The president of College of the Atlantic, a Bar Harbor college whose curriculum focuses on the relationships between humans and the environment — human ecology — knows the national park well, having hiked its 125-mile network of hiking trails. Maybe even twice.
As if this wasn’t enough, the 45-year-old outdoorsman last year challenged himself to make 250 climbs, covering 1,000 miles, in Acadia. He and his black Labrador retriever Lucy wrapped up the challenge on the Bernard Mountain summit last December.
“This challenge was a way to force myself to get out of the office,” Collins related as he led way to the Beachcroft trailhead from the parking lot at The Tarn, a glacial lake, on the outskirts of Bar Harbor.
This year, he aims to climb 40 or so peaks in Acadia “as a family” with his wife, Karen, and 12- and 14-year-old daughters Maggie and Molly.

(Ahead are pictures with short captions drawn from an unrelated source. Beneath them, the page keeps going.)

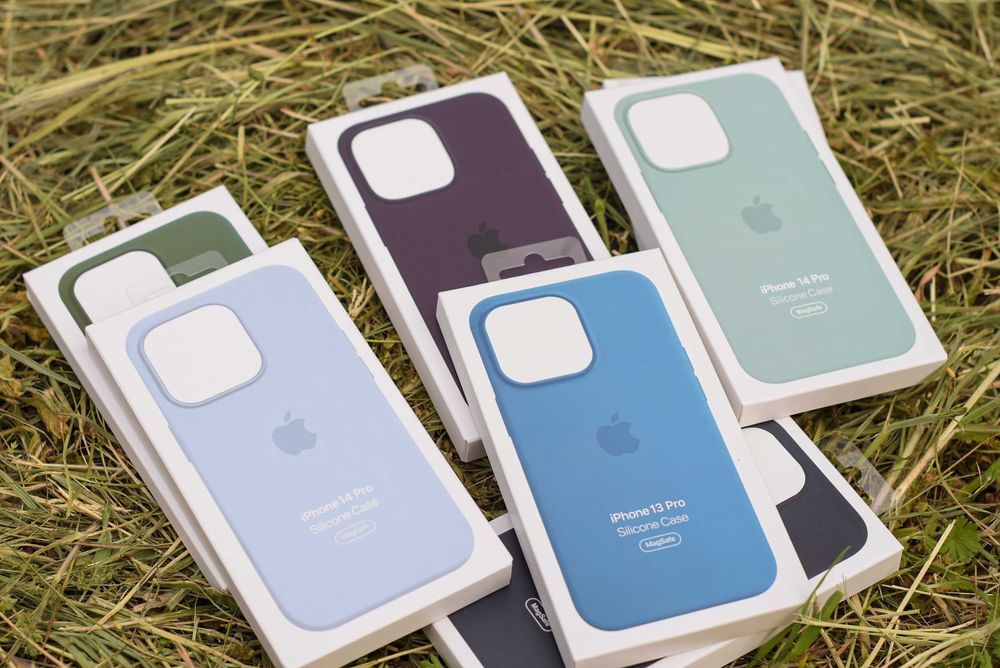 Официальный чехол iphone 11-17 кожа силикон  анимация magsafe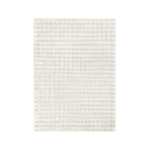 Luxurious Modern Bubble Soft Rug Carpet White - Image 2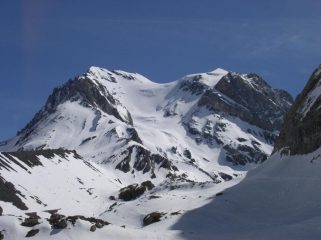 la Grande Casse salendo da Pralognan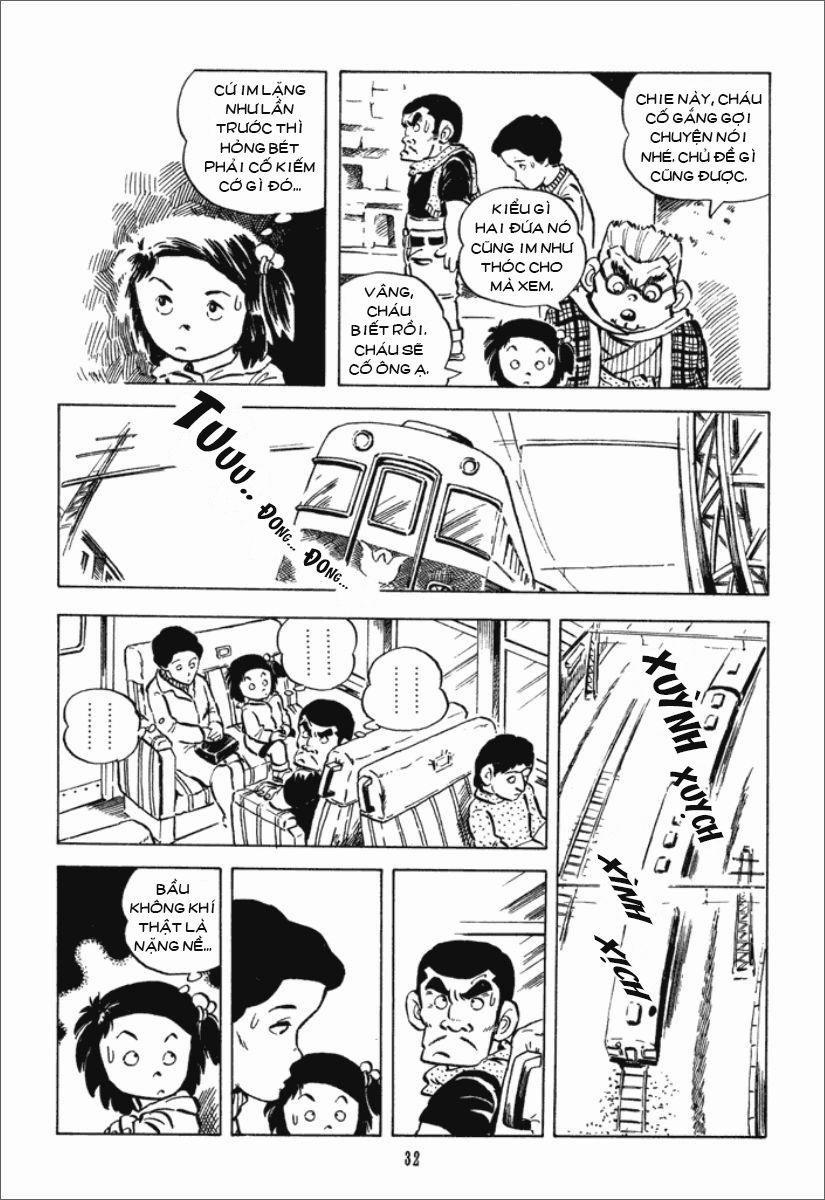 Chie - Cô Bé Hạt Tiêu 14 trang 10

It’s not just the panoramic views that drew Collins up Huguenot Head 13 times last year. It’s the 1.2-mile trail’s diverse terrain.
Hikers ascend a flight of granite stairs, which switch back and forth, follow stepping stones, scramble up over boulders and cross ledges along the Beachcroft Trail.
Clad in khakis and a loose sweatshirt, Collins swiftly negotiates the trail’s narrow paths and granite rocks patterned with delicate white and green lichen. The Atlantic Ocean and Cranberry Isles swing into view along the way.
The Beachcroft Trail doesn’t actually go to the Huguenot Head summit. But Collins leads the way through across granite ledges studded with jack pine.
At the top, he takes in views of the Tarn and Dorr Mountain to the west and then takes a seat on a flat granite shelf.
“Not a lot of people come up here,” he said while gazing out at Frenchman Bay, Porcupine Islands and the open sea stretching to the horizon. “The trail [detour] isn’t even on the map.”
Originally from New Jersey, Collins credits his mother for instilling in him a love of the outdoors. He hiked with her from a young age.
“She was definitely my inspiration behind walking,” he said smiling.
Mount Desert Island’s wild beauty factored in his decision to attend COA. The college’s location was again an incentive when the president’s job became available over four years ago.
“We have Acadia National Park in the backyard and the ocean in the front,” he said.
As Mount Desert Island prepares to celebrate the 100th anniversary of Acadia’s founding next year, Collins says he often wonders what the next century will bring and how more people can be encouraged to experience to enjoy and treasure the national park as he does.
“Few people find solace in the outdoors,” he noted while retracing his way down Huguenot “There is such a focus on technology, which I think has come at an expense of nature.”
What to bring: A hiking guide, drinking water, windbreaker, sunscreen and sunglasses.